I have the great pleasure of being close friends with a Financial Advisor. So basically, whenever we hang out, I just bug him and ask a bunch of questions about my finances and he tells me what I'm doing right and wrong. His official title is "Associate Wealth Management Advisor" but I like to call him the "Money Man with a Plan." He doesn't like that very much.
Anyway, I figured since he's been a sounding board for me, I'd take advantage of his wealth of knowledge (see what I did there?) and ask him some basic questions.
What are some common mistakes millennials are making with their finances?
Let me preface all of this by saying that mistakes are made by everyone with money. You would be surprised to find even some very wealthy people do not understand how money and savings principles really work. I guess that is why people like me have a job!
For millennials, the most common mistakes I see are really twofold: 1) Not having a plan for your money and 2) not paying yourself first (aka saving money every month before the money is spent). Both come down to one word: Intentionality.

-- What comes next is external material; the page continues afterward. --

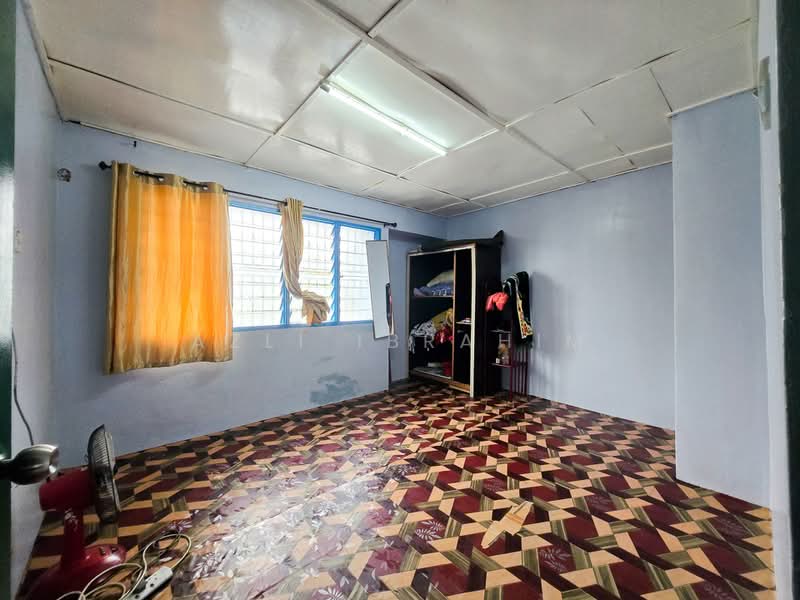 2-storey Terraced House for Sale in Taman Putra (Ampang) - Azli Ibrahim - Interior - PropertyGuru.com.my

First, the most basic mistake is not having a plan for your money. So many young people simply earn money and spend it without regard for the future. In doing this, they become reactive to long-term/short-term savings goals and not proactive (aka emergencies/future large purchases/debt reduction, etc.). This is not to say you need a 50-page financial plan using all the most efficient tax strategies and various savings vehicles, but being intentionally ignorant to the ways you can build a solid financial plan, is also a plan. And it is a bad one.
Here's a tip I have: write down what you would like to accomplish in 2/5/10+ year increments. Writing these down will help you visualize the goals and make them real. Once you do that, you can attach a dollar figure to each goal and work your way backwards into a monthly savings target for those goals. Even if you begin with $100/month, create those habits of savings, you will thank yourself later for doing so.
And the second mistake? Not paying yourself first (aka saving money each month before you spend it.) Another very common mistake is to take your paycheck and start the hierarchy of outflows (rent/utilities/groceries/Birchbox/vacations etc.). Often left until last on the list, saving money (this also ties back into not having a plan with your money). You can see where I am going with this. Most of the time people spend money what they need, then comes the wants, and bringing up the rear, saving towards your financial goals. If you don't make a habit of paying yourself first, it oftentimes becomes a neglected part of your month to month financial plan. A mistake easily changed. I tell my clients all the time, finance is 80% habit and 20% knowledge. If you create sound habits and know a little about savings, you will be just fine.
What do you feel is the main difference between budgeting as a millennial versus the baby boomers and gen-xers?
The primary difference between the two groups is the complexity of the budget (amount of things to control/pay for) and the willingness to create one. I will say that I do not want to paint with a broad brush because there are certainly budgets if you saw them written down, you could not tell what age group produced them (Example: me. My budget looks as if a 50 year man created it). Most of the time, budgeting is a methodical, boring, and sometimes frustrating task. Older clients seem to understand this is a necessary evil of being financially sound while millennials while tend to take a "fly by the seat of the their pants" approach.
Even with the prevalence of apps and technology, many millennials think budgeting is not needed. Again, tools and knowledge are at your fingertips. Action/habits are what make or break anything in life, finance/budgeting is no different.
What's your one budgeting tip that you would tell to your millennial clients?
The one tip I would give to millennials in terms of budgeting is to simply do it. Commit to for 3 months and determine if understanding your actual numbers month to month moves you to action/change (1 month isn't enough). When we help people get on track in terms of saving money or paying down debt, the progress they make breeds enthusiasm. Enthusiasm moves you forward towards the financial goals you set for yourself/spouse.
I know for some millennials "commitment" is an ugly word but your money deserves it. A budget will create a structure and understanding. When you have both these things, you have control of your money and the more control you have, the better decisions you can make. A budget is the most basic financial tool available to all.
One of my favorite quotes is
"If you don't know where you're going, you'll end up someplace else."-Yogi Berra.
If you don't know where you are spending/saving money, how can you achieve your financial goals?
The takeaway from this, in my opinion, should be the intentionality of your money. When you have a plan and stick to it, you can achieve almost any financial goal. We see older clients become more intentional with money as they progress through their careers and throughout life. Maybe that can be attributed to expanding responsibilities (children, homes, taking care of family), work promotions or simply gaining further understanding of the importance of money. Regardless of your income and stage in life, using a budget as a baseline should be the starting point for anyone. Once you determine where you stand, you can move forward with creating a plan. Paying yourself first/saving money towards this plan is a habit and can be done by not only older clients but millennials alike.
The advisor quoted here has chosen to remain anonymous due to compliance issues.